Question

A car traveling at 32 m/s passes a policeman wo immediately accelerates at 2.43 m/s^2 from rest in pursuit. To the nearest second how long does it take the policeman to catch the speeder?

Answer 1

Well do you know the answer of this question ?

Answer 2

I don't, and I'm trying to see if any of the formulas that you gave would work here.

Answer 3

Well it's a tricky one !
You'll have to use one of the formulas

Answer 4

Well, we have acceleration (a) for two cars...

Answer 5

Just imagine the situation, as soon as the policemen sees the car, he starts following it and finally catches it. Here, distance covered and time taken by the car and the policemen during the pursuit will be same

Answer 6

The acceleration given is just for the policemen's car [if he is chasing by a car :p]. The other car is moving with a constant velocity of 32 m/s

Answer 7

Confusing, lol.

Answer 8

Hmm, would we have to use the first one?

Answer 9

v = u + at ?

Answer 10

And solve ti for t?

Answer 11

Let t be the time taken which would be same for both. Now,

\(\sf 32 \times t=0\times t+2.43\times t^2\)

Now solve it for t

Answer 12

?

Answer 13

Still trying to figure it out.

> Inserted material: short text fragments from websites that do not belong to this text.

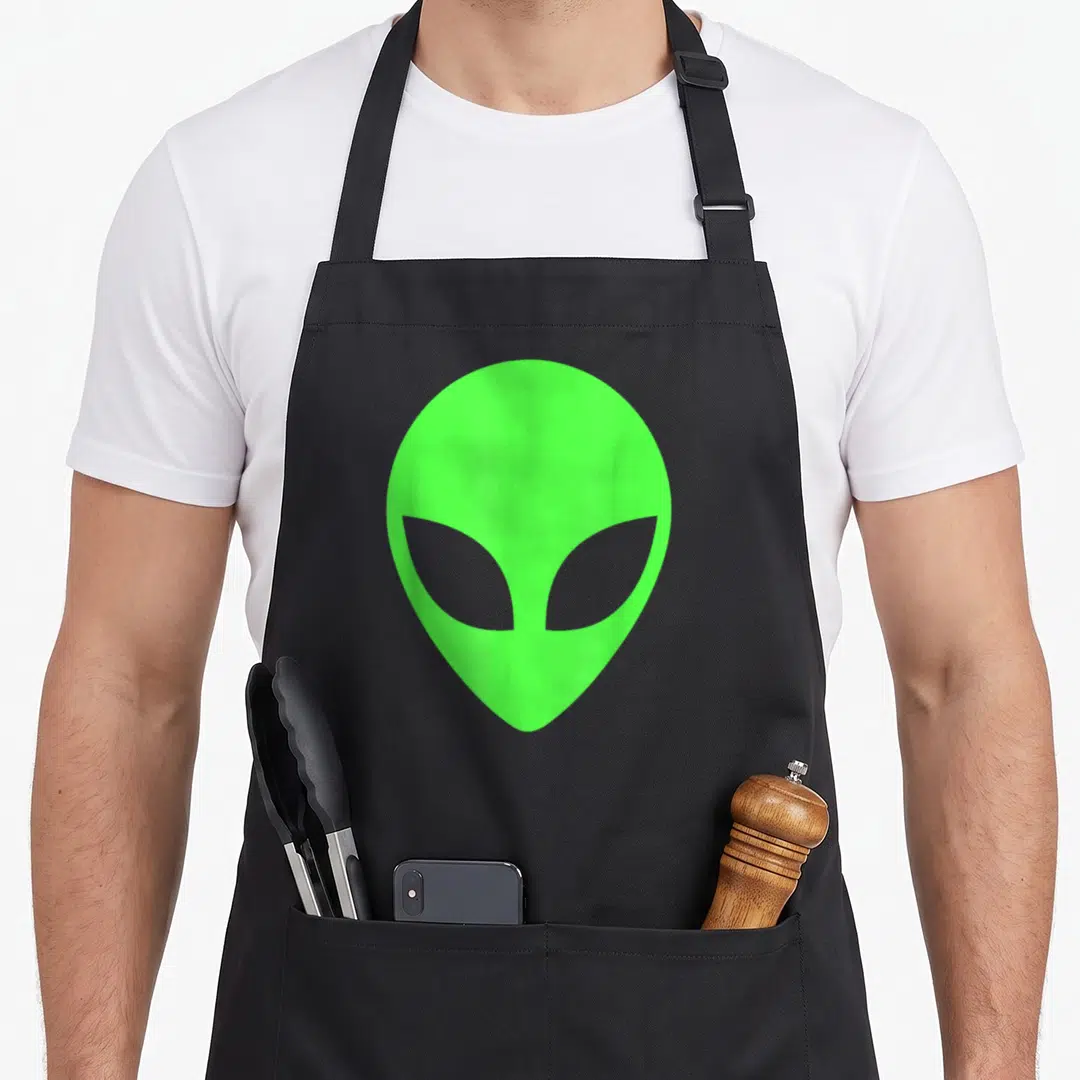 Cute funny alien apron - Lime green minimalist alien head graphic centered on fabric with two front pockets — shown on a black cotton canvas apron against a white background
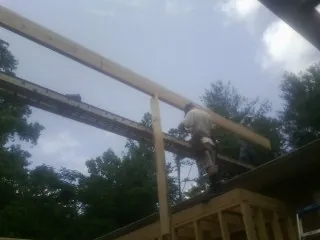 Carpenter setting a ridge beam over a new addition frame — Ice Dam Removal by Roofing Brothers in Vauxhall
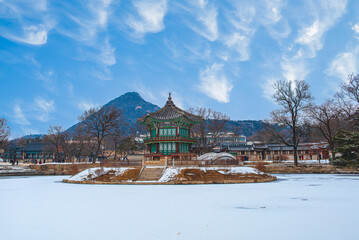 Snow falls in winter at Gyeongbokgung Palace, Seoul, South Korea.	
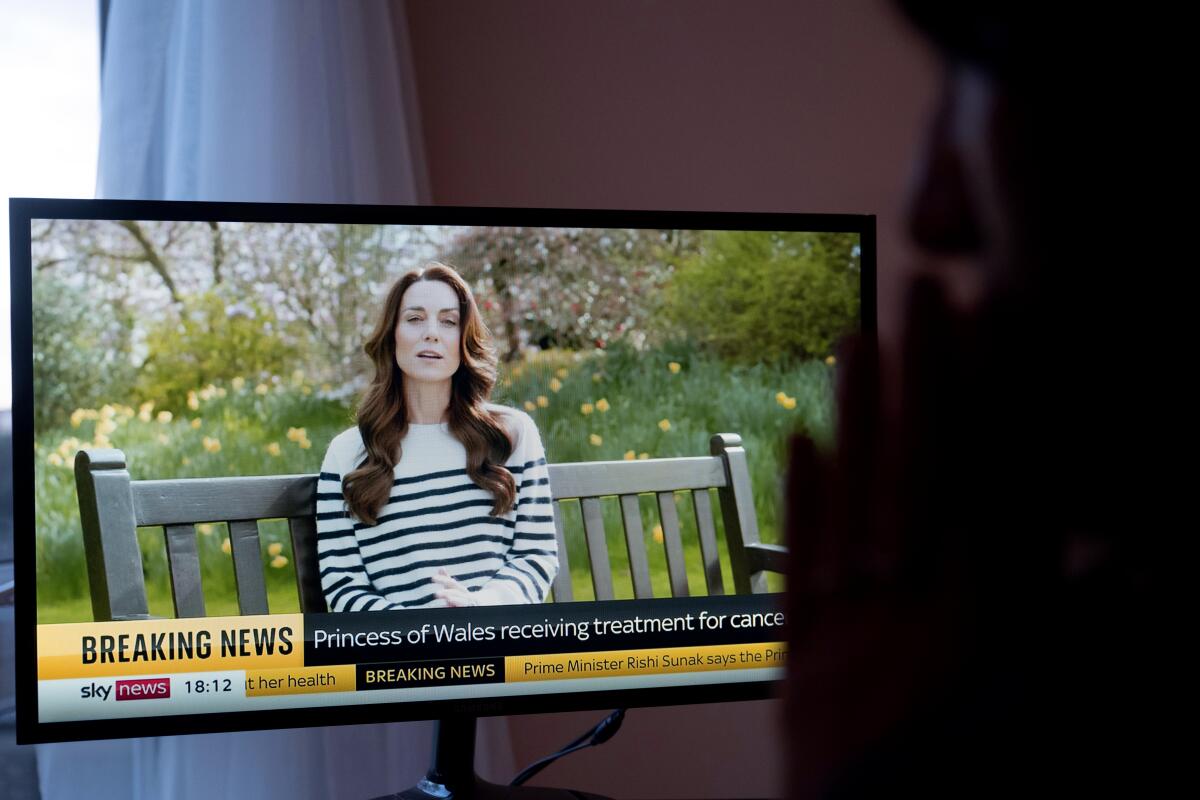 An image of a TV with Kate Middleton speaking.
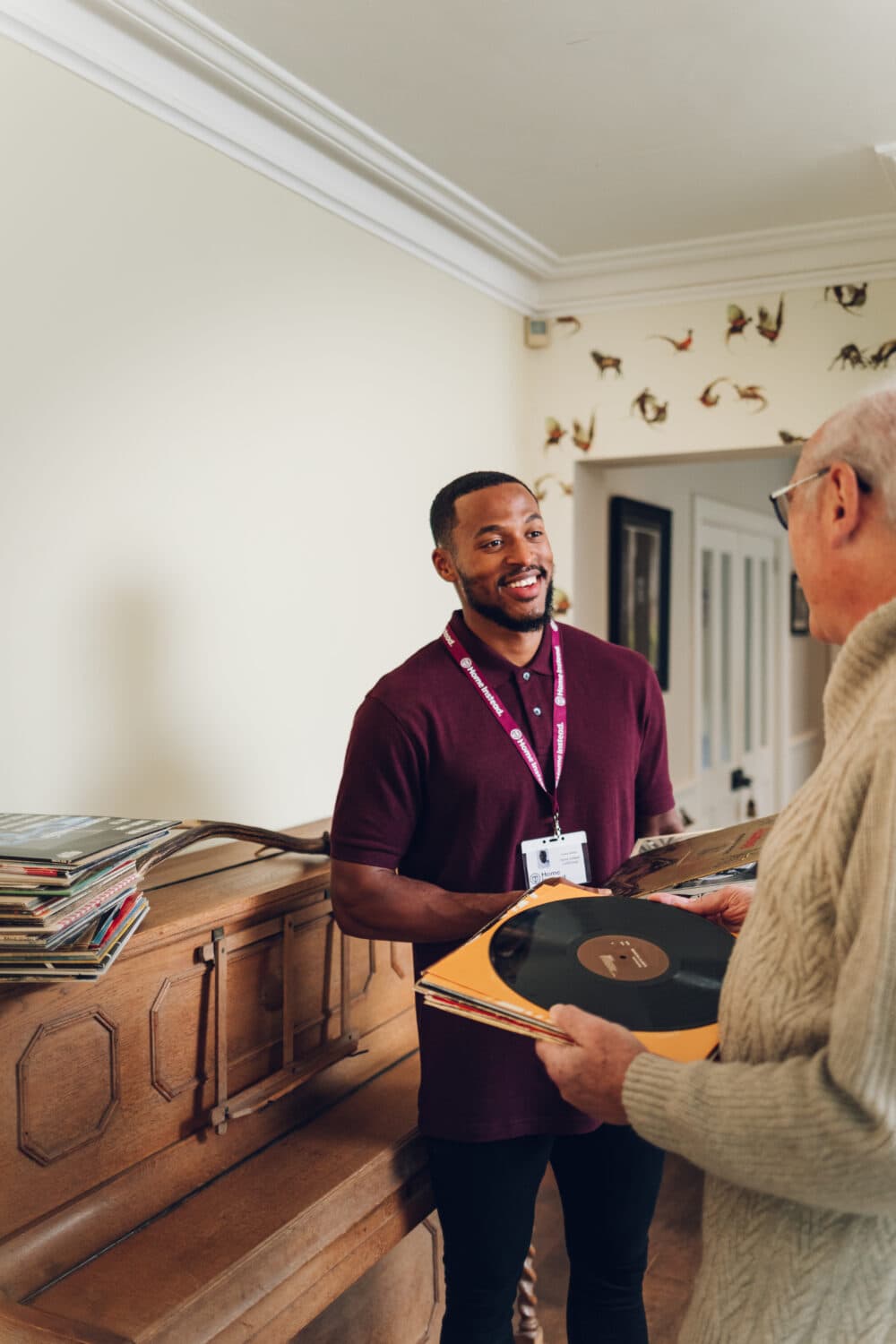 A man with a lanyard smiles while handing vinyl records to an older man by a piano. - Home Instead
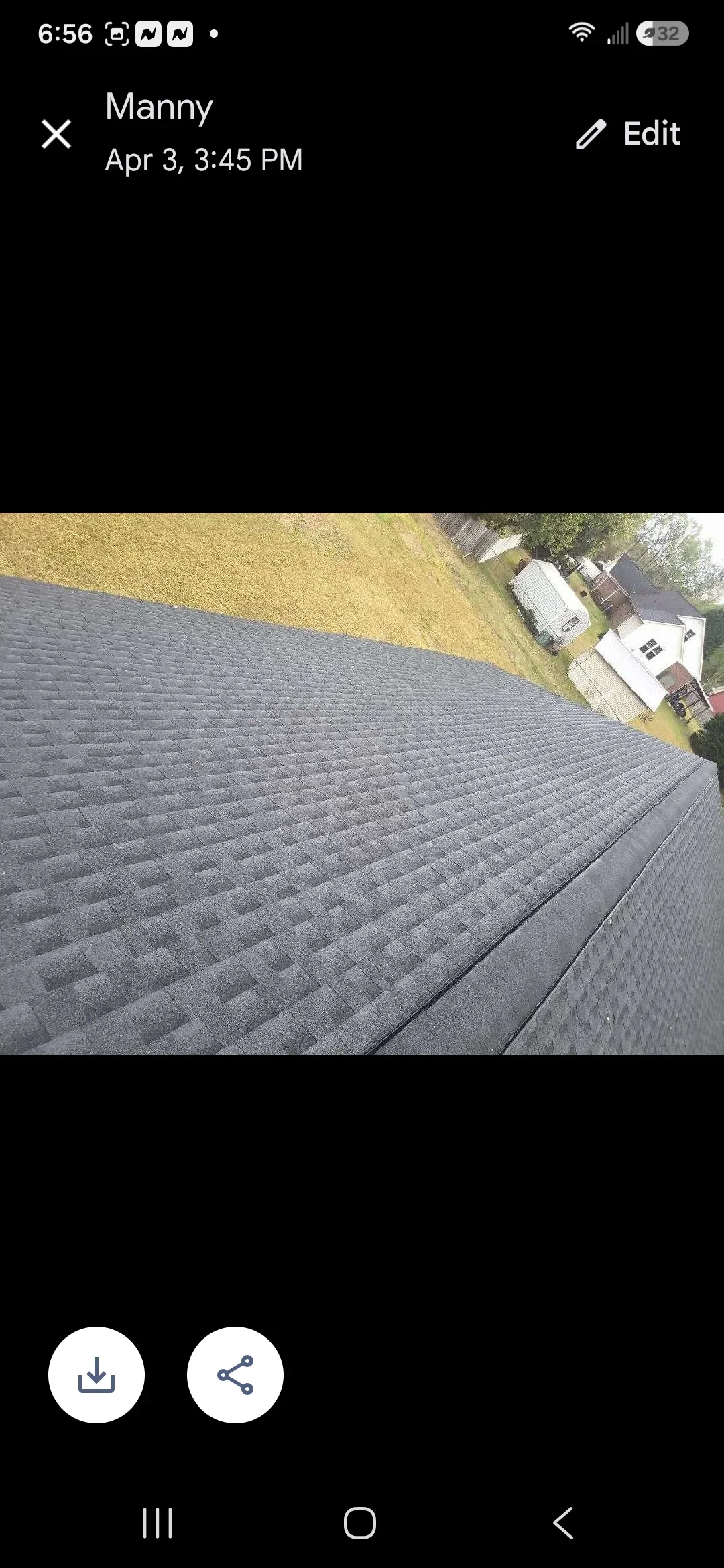 Newly installed charcoal gray dimensional asphalt shingles on residential roof with clean edges and proper alignment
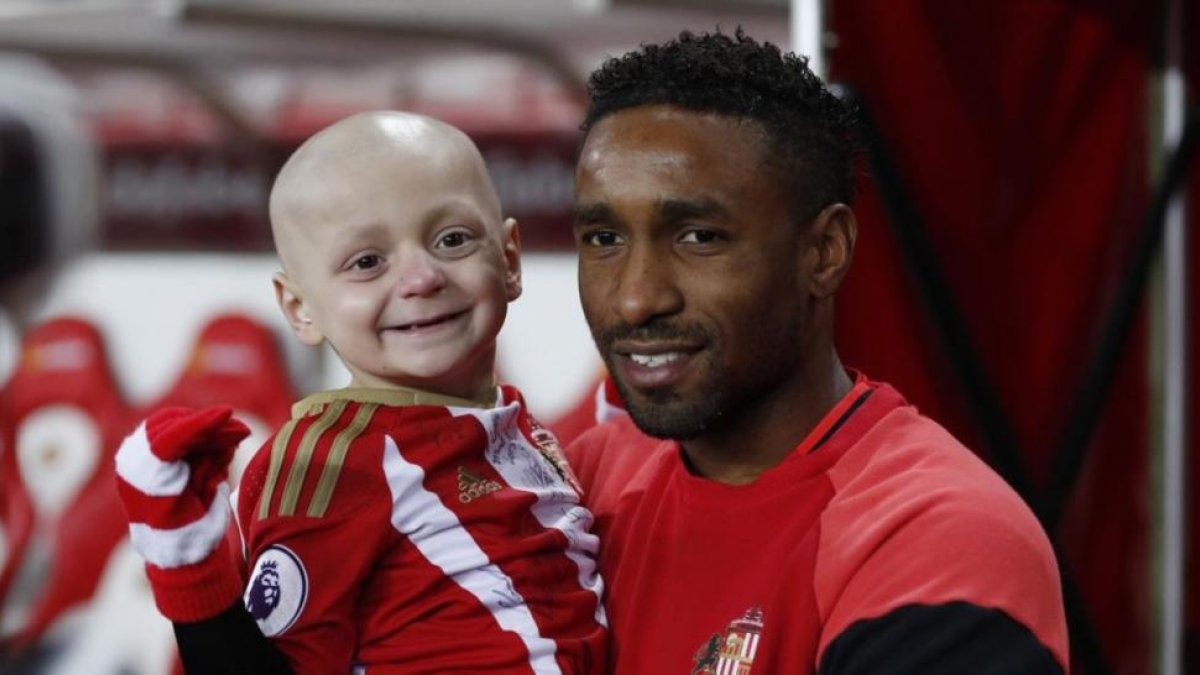 Jermain Defoe, delantero del Sunderland, sostiene en brazos a Bradley Lowery.-REUTERS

It's onl proving that I need to review basic Algebra...

Answer 14

Let t be the time,
then distance traveled by first car = 32*t [in uniform motion distance=speed*time]
distance traveled by police = 0*t+1/2*2.43*\(\sf t^2\)
Since distance covered during the pursuit by both the cars would be same we can equate the two equations and write it as


\(\sf 32 \times t=0\times t+2.43\times t^2\)

Solving it for t we get

32/2.43=t
t=13.16 s

Answer 15

is it clear @MoonlitFate ?

Answer 16

Yeah, I didn't notice that the equation was a quadratic. :( So, I was making things so much more difficult than they needed to be.